Many leveraged buyouts (LBOs) are at or beyond the typical private equity investment period and dividend recaps remain tempting exit options, particularly as funds approach expiry. Initial public offering (IPO) markets are volatile, with strategic sales often subject to minority shareholder revolts, as in the case of G4S and ISS in 2011, and secondary buyouts subject to valuation disputes. Fitch therefore expects sponsors to opportunistically tap windows of high credit market demand to seek cheap funding for a dividend recap on their legacy assets.
The European high-yield market has hesitated to play a role in dividend recaps, although increasing European and global investor appetite for high-yielding assets means it may follow the US high-yield market and accept more of them. However, loans may remain the primary route for dividend recaps, at least in the near future, as loan market secondary prices continue to tighten and collateralised loan obligations (CLOs) choose to recycle loan prepayments and invest cash balances in new primary transactions.
There are a handful of deals reportedly under way, or which have already been completed. These include a planned €250m secured bond issue for Iglo Foods, a recently completed £260m loan for roadside assistance company RAC and a US$1bn private placement by motor racing promoter Formula One. Other successful recent issues include a US$275m pay-in-kind (PIK) toggle by Dematic and two high-yield bonds issued by Orange Switzerland in September to term out loan maturities and pay a dividend.

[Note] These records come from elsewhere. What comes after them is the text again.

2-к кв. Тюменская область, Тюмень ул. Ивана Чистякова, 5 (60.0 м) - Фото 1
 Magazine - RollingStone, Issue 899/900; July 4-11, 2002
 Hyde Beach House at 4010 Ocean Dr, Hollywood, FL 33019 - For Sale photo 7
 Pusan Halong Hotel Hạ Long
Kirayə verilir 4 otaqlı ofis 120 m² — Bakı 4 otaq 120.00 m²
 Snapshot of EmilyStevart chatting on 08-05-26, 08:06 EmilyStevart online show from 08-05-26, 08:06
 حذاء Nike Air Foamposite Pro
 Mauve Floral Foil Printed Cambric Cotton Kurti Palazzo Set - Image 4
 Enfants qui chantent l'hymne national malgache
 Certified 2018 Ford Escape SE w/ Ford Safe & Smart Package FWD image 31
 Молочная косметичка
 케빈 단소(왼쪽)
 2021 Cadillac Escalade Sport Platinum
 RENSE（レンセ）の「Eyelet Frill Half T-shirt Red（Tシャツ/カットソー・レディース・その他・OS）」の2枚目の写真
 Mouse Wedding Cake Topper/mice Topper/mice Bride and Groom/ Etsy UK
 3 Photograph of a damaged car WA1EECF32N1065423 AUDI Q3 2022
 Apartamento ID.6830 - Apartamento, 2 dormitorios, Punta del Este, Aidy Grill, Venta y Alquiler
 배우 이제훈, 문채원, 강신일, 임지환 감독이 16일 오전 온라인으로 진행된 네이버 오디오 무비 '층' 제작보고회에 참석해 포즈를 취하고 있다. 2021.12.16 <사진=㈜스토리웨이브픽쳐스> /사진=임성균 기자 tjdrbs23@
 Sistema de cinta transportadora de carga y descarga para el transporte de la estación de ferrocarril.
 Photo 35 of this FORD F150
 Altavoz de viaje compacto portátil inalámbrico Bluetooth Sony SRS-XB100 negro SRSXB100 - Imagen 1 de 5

Whatever the source of funding, the CRA expects deals to remain much more conservative than those struck in 2006-2007 and dividend recaps to leave LBOs with leverage of between 4.5x and 5x on average, compared with the 6.4x in 40 deals that it analysed in 2006. RAC’s loan-funded dividend recap, for example, will lift leverage to around 5x, according to one press report, while Orange Switzerland’s leverage rose to around 4x.
Dividend recap transactions are also only likely to be viable for LBOs with a stable business model and global appeal, or which at least derive their sales from core European, rather than peripheral, markets. They will probably also need to have demonstrated strong operating performance and cash flow-driven de-leveraging in recent years.